:: Given information ::
··········

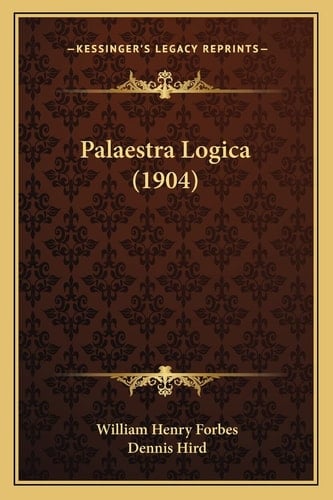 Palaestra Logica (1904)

··········

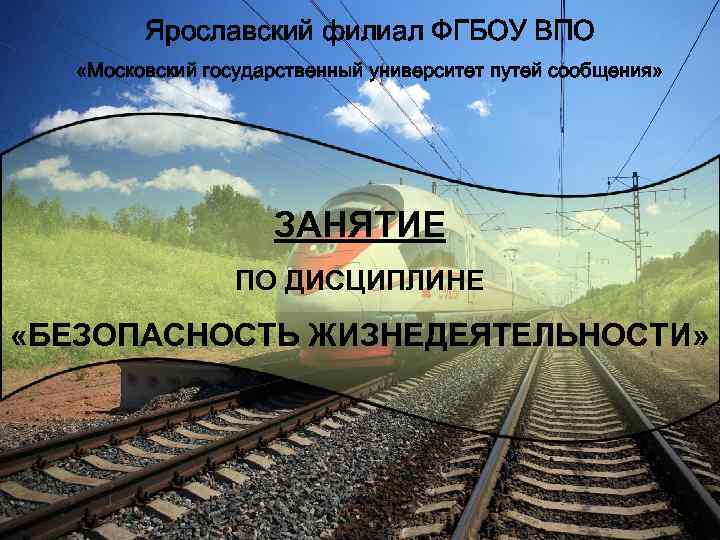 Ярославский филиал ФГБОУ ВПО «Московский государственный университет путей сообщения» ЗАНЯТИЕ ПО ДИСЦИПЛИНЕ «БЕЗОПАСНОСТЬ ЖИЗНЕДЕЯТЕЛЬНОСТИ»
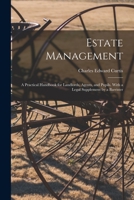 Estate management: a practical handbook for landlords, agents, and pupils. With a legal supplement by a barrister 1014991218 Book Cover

··········

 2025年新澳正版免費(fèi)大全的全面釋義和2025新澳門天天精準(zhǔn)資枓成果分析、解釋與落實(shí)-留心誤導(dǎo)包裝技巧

··········

:: Exercise ::
Look above for the line with "Ярославский филиал ФГБОУ" and the line with "Estate management: a". Copy them and every line between, exactly, but no pictures.

:: Expected answer ::
 Ярославский филиал ФГБОУ ВПО «Московский государственный университет путей сообщения» ЗАНЯТИЕ ПО ДИСЦИПЛИНЕ «БЕЗОПАСНОСТЬ ЖИЗНЕДЕЯТЕЛЬНОСТИ»
 Estate management: a practical handbook for landlords, agents, and pupils. With a legal supplement by a barrister 1014991218 Book Cover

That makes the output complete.